Die Grundidee ist schon alt: Solarenergie wird als Strom, Wasserstoff oder Ammoniak aus der Sahara nach Europa exportiert, um unsere Energieprobleme zu lösen. Ist das aber tatsächlich ein gangbarer Weg? Ökologisch betrachtet könnte die Idee sinnvoll sein, weil dadurch fossile Energieressourcen im Boden bleiben, aber ist es auch moralisch vertretbar, oder wäre es eine neue Art des Kolonialismus? Und wie viel Arbeit und Geld müssten investiert werden, und wie hoch sind die Transportverluste? fragt Autor in einem Artikel am 27.11.2022 im Magazin hzwei.info.

Heute nicht mehr aktuell: CSP – Kraftwerk Kuraymat, Ägypten (2011) – Foto © Gerhard Hofmann, Agentur Zukunft, für Solarify

Bereits 1912 baute der Amerikaner Frank Shumann das weltweit erste industriell angelegte Solarkraftwerk in Maadi (im Süden Kairos), bestehend aus fünf Parabolrinnen; 1916 bekam er sogar vom Berliner Reichstag (er war der erste Ausländer, der im Reichstag reden durfte) 200.000 Mark für ein Pilot-Solarkrafterk in Deutsch-Ostafrika genehmigt, doch der Erste Weltkrieg durchkreuzte die Pläne.

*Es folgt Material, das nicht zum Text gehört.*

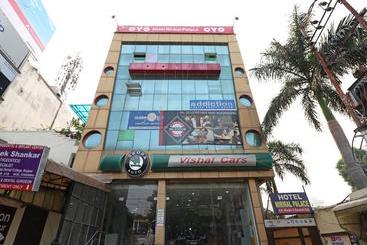 ホテル Nirmal Palace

Lewitz: „1982 spielte der Visionär Ludwig Bölkow mit diesem Gedanken, der dann später von der Ludwig-Bölkow-Systemtechnik GmbH aufgegriffen und um Wasserstoff erweitert wurde. Der Club of Rome übernahm die Idee, und nach der Jahrtausendwende führte das DLR Studien zu diesem Thema durch, auf denen dann später die Gründung von Desertec basierte.“ Initiator und Anschieber war Gerhard Knies (Desy).

2008 wurde auf dessen Betreiben die Desertec-Foundation gegründet. In der Folge entstand am 16.07.2009 die Desertec-Industrie-Initiative, ein Konsortium aus vorrangig deutschen Firmen. Deren Versuch, solarthermische Kraftwerke in Nordafrika aufzubauen und Solarenergie per Hochleistungsstromnetz nach Europa zu transportieren, scheiterte jedoch: Die rsasante Preisentwicklung der Solarenergie, vor allem ihre Verbilligung, ließ die Pläne Geschichte werden.

„‚Desertec 2.0‘ nahm dann die lokalen Märkte stärker in den Fokus, während das heutige Bündnis von Desertec 3.0 in den MENA-Wüsten nun Wasserstoff für die lokale Bevölkerung sowie für die globalen Märkte vorsieht.“

Die Meinungen darüber gehen laut Lewitz auseinander: Jorgo Chatzimarkakis, seit 2016 Generalsekretär beim Verband Hydrogen Europe, forderte vor Jahren dezidiert Wasserstoffleitungen, die das Gas aus Afrika nach Mitteleuropa transportieren, und erklärte: „Wir werden ein Importland von erneuerbaren Energien, aber ein Exportland von Elektrolyseuren sein.“ Demgegenüber sagte BSW-Solar-Chef Carsten Körnig, erneuerbare Energien in großer Menge zu importieren werde nicht möglich sein, weil auch andere europäischen Länder Bedarfe anmelden würden. Deswegen solle verstärkt auf inländische Ökostromerzeugung gesetzt werden.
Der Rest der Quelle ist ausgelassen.